Hola mi nombre es Wilnelson Pérez Muñoz, bebo más café de lo que mi cuerpo ya está dispuesto a tolerar, me enteré hace poco que en verdad acuario es un signo de aire y no de agua y me dolió mucho porque es una excusa menos para escapar a la playa en momentos de crisis; a esa excusa le llamaba: el reencuentro zodiacal, a lo que en seguida me decía mi madre: oye pero tú no lees el horóscopo. Yo le contestaba, el horóscopo está en ti, como quien contesta cualquier cosa. Y me tomaba la tercera taza de café a las 9:17 a.m. como quien sorbe un elixir.
Las idas a la playa han cambiado un poco. Ahora el tiempo que usaba para estar nadando, sin saber absolutamente nada de mi ascendente, lo empleo en hacerle fotos a la iglesia que está al lado de mi casa para enviárselas al monaguillo de Tucupita. ¿Qué es lo de Tucupita? Tucupita es la ciudad capital de Delta Amacuro, un estado de Venezuela. Sí que sí. Yo soy de Caracas, aunque me gustaría Tucupita como la capital del país porque habría menos centralización, menos gente queriendo hacer política y sin duda habría un acento colectivo mucho más divertido.
Entonces el monaguillo de Delta Amacuro se había convertido en mi vecino favorito. Tenía ciertas reglas que me incomodaban al principio, pero nos fuimos adaptando. Un día le dije que de verdad no me podía seguir pidiendo que llevase colgado el rosario que me regaló porque él lo lleva con fe y yo en cambio confundo las pepas con caraotas. Él acepto y me pidió a mí que dejara de pedirle para tomarnos el vino de la próxima comunión. Yo acepté también.
Nos conocimos porque en mi casa hay una mata de mangos. Llega un punto en que hacer jalea, comerlos con sal, limón y pimienta, invitar a todas las guacharacas o loros de la zona y tener de mascota a Caili Luisa Thompson como la perra del viejo refrán: comeré tanto mango como vengan cayendo; no es suficiente. Por lo tanto voy a regalarlos a la iglesia que está al lado de mi casa a cada temporada. Y en la primera semana de la cosecha del año pasado estaba allí el nuevo monaguillo regando el jardín.
Su cara casi inexpresiva cambió súbitamente a un mar contenido en una bomba a punto de estallar cuando le entregué la bolsa, me llamó mucho la atención y lo vi fijamente con cierto regocijo, me recordaba a alguien y le solté: oye, también puedes comer tú eh, si para eso la he traído. Soltó esa sonrisa de agradecimiento con picardía, se persignó y me dije a mí mismo: obvio, si es que es idéntico a Vladimir Putin. Acto seguido mordió un mango y desde allí nos hicimos amigos.
También le tomo fotos a los atardeceres durante la cuarentena, sin embargo estoy tan necesitado de nuevos rostros que me he visto exigiéndole expresiones al sol.

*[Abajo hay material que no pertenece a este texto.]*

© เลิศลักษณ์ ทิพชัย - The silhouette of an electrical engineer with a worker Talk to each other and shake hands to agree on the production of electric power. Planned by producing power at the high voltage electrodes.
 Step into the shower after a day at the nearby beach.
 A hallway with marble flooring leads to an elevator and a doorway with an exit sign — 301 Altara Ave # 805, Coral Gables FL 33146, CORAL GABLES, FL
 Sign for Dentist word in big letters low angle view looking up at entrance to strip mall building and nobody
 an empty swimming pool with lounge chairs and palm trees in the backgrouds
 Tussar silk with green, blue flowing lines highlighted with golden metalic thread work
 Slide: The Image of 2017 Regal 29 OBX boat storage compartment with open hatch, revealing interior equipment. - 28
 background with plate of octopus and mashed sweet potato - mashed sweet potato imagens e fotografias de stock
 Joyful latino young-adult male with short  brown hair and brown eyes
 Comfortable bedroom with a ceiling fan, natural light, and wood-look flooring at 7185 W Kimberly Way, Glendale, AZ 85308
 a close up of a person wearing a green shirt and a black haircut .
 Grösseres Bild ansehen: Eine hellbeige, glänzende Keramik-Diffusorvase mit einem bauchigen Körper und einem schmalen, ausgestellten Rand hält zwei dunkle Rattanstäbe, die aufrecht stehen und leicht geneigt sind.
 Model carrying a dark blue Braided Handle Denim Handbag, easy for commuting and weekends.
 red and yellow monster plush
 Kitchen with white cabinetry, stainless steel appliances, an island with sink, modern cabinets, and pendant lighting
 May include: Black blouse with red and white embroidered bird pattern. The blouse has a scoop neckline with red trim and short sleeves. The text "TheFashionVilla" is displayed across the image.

Y esa es una de las razones por las que vengo aquí, si bien disfruto de mi compañía sé también apreciar el contacto humano, por lo que conocer una comunidad donde hay rienda suelta a la exploración personal acompañada de comentarios que la estimulan y ayudan a florecer mientras pueden incrementar sus dineros pues, me parece un edén.
A continuación les dejaré un cuadro que contiene las posibles rutinas de mi semana y ustedes podrán combinarlas como les parezca si quieren adivinar qué estoy haciendo. La última columna contiene cinco de mis cuentos preferidos.
Si me lo permiten me quitaré las botas e intentaré entrar descalzo.
Algunos de los post que pretenda subir durante este paseo estarán llenos de ficción narrados en primera persona, si por ejemplo les llegase a contar del día en que salí de un cascarón y mis padres me llenaron de mangos mientras pegaban gritos al amanecer, puede ser que una guacharaca se haya metido en mis sueños y yo enfurecido haya querido homenajearles porque no me atrevo a hacerles daño aunque no me agraden mucho.
Es un placer, de verdad. Ojalá hacer un viaje entretenido y agradable para quienes se asomen por aquí.
Aprovecho esta primera entrada para agradecer a @Rutablockchain por todo el asesoramiento alrededor de la plataforma y también a @Bluemist por hacer posible el abrir la cuenta.